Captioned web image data

== Segment start ==

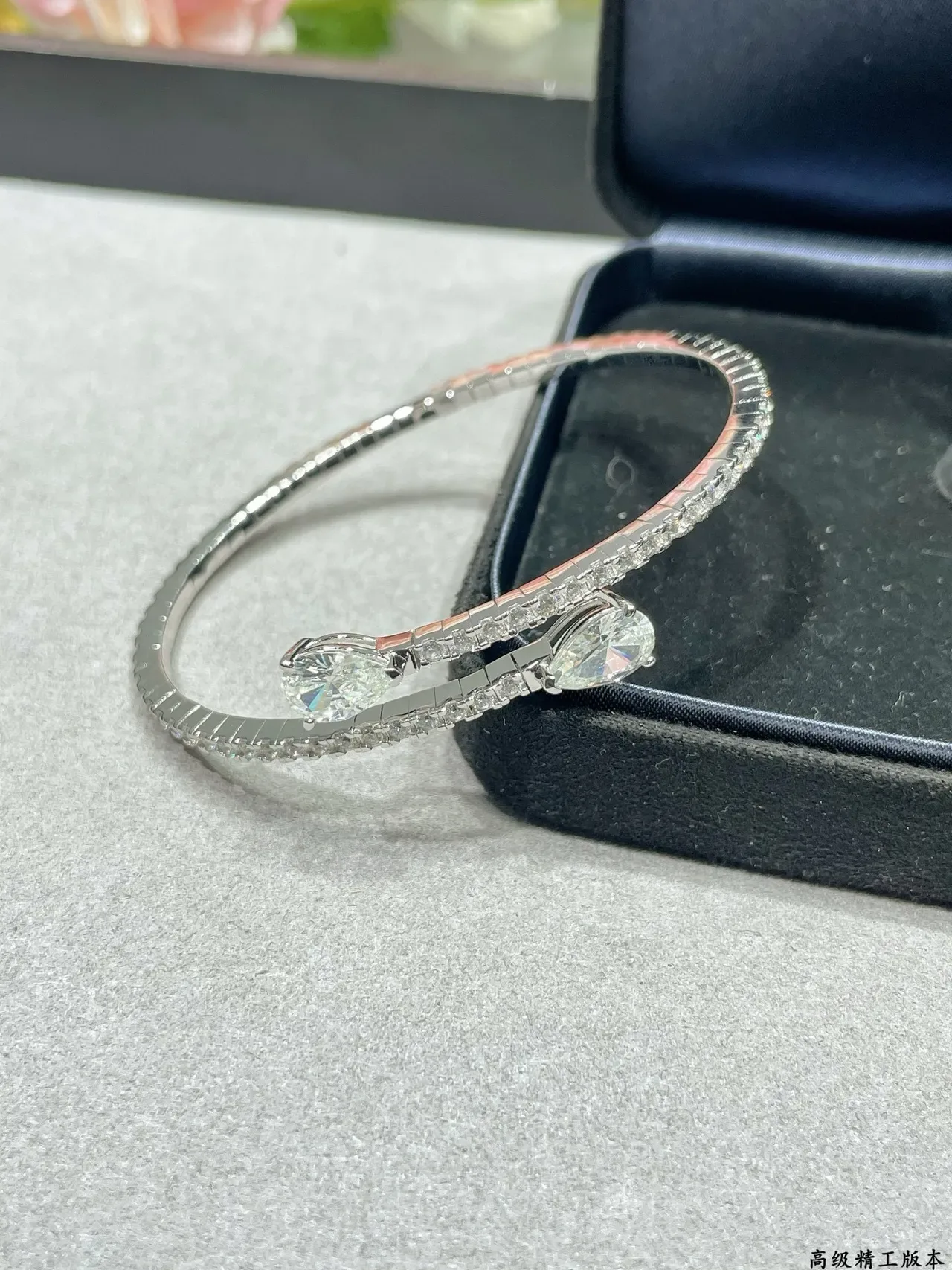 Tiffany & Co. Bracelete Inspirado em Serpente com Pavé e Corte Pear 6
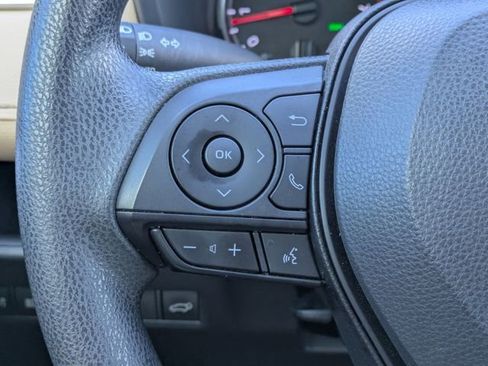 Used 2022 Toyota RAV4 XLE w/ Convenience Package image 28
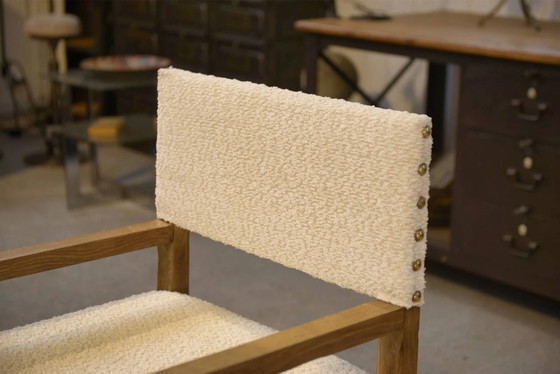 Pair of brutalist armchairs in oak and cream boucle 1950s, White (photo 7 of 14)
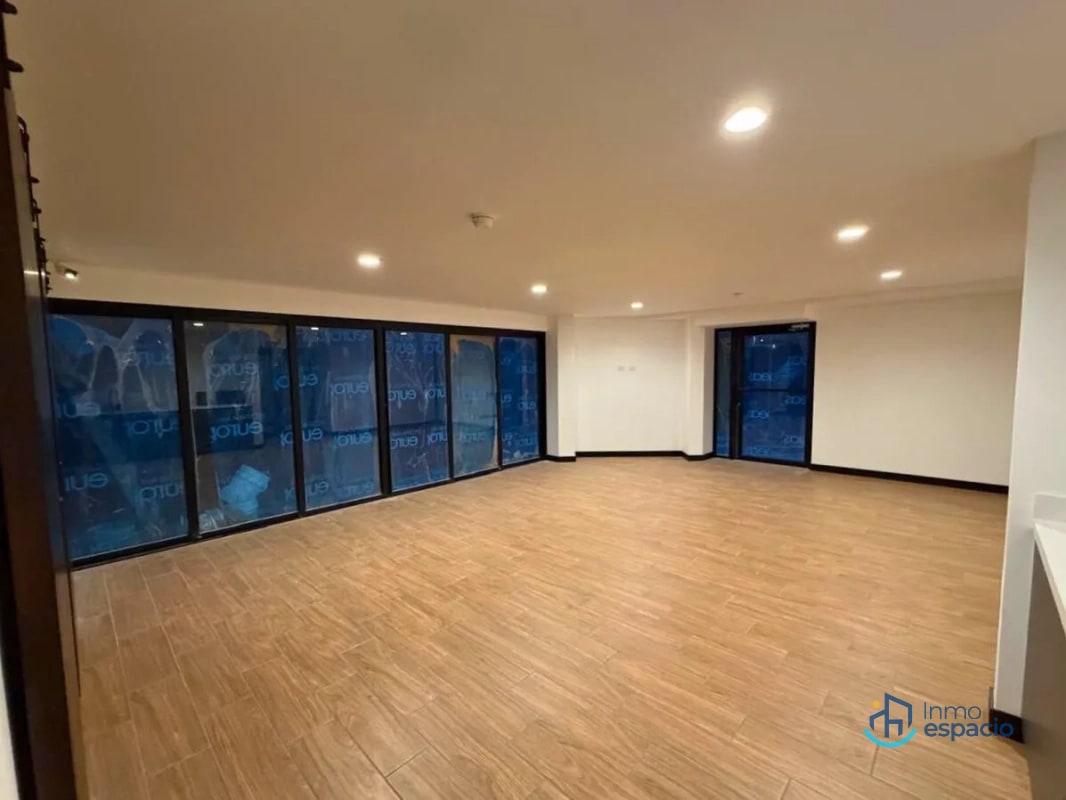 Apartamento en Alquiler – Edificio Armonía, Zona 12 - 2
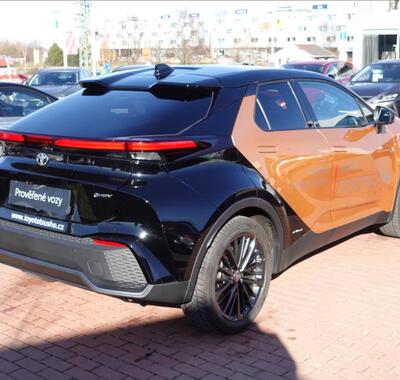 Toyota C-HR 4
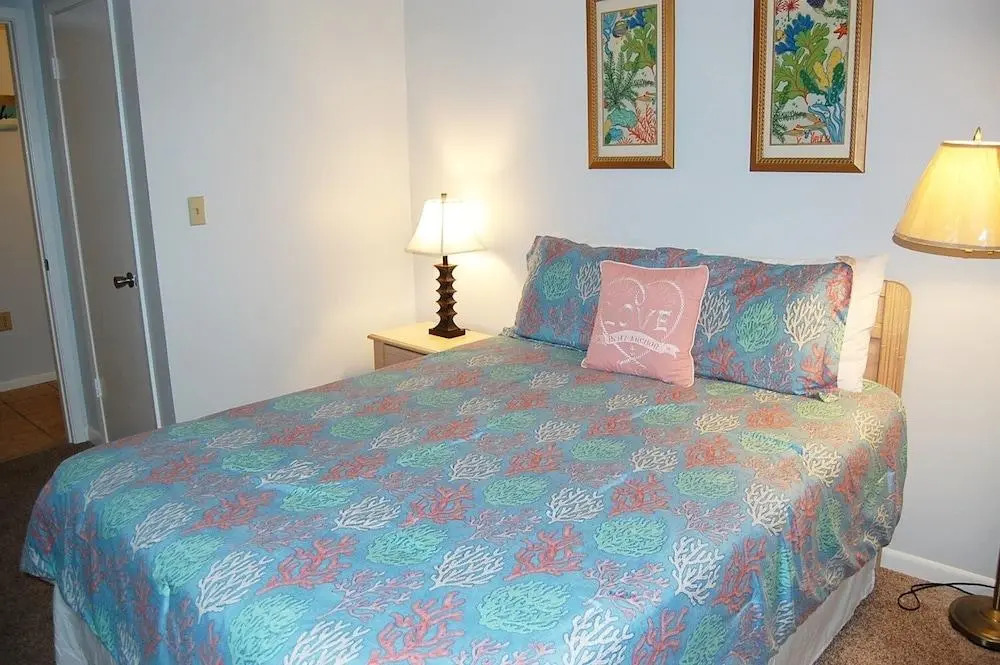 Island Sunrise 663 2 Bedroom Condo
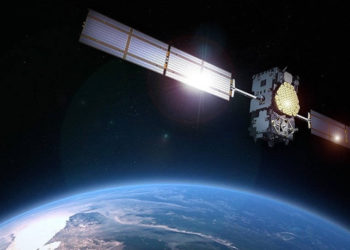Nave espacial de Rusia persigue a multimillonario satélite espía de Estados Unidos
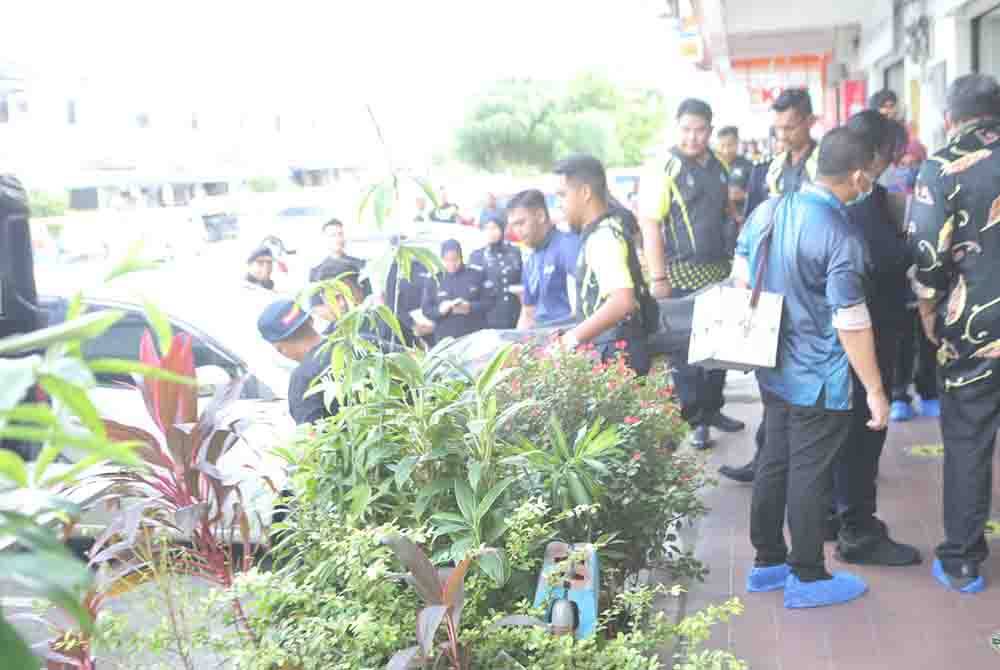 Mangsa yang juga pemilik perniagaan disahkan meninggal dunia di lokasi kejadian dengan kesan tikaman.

== Segment end ==

§ WORK INSTRUCTIONS: Every line above is to be given again exactly, apart from the pictures.

§ TASK SOLUTION:
 Tiffany & Co. Bracelete Inspirado em Serpente com Pavé e Corte Pear 6
 Used 2022 Toyota RAV4 XLE w/ Convenience Package image 28
 Pair of brutalist armchairs in oak and cream boucle 1950s, White (photo 7 of 14)
 Apartamento en Alquiler – Edificio Armonía, Zona 12 - 2
 Toyota C-HR 4
 Island Sunrise 663 2 Bedroom Condo
Nave espacial de Rusia persigue a multimillonario satélite espía de Estados Unidos
 Mangsa yang juga pemilik perniagaan disahkan meninggal dunia di lokasi kejadian dengan kesan tikaman.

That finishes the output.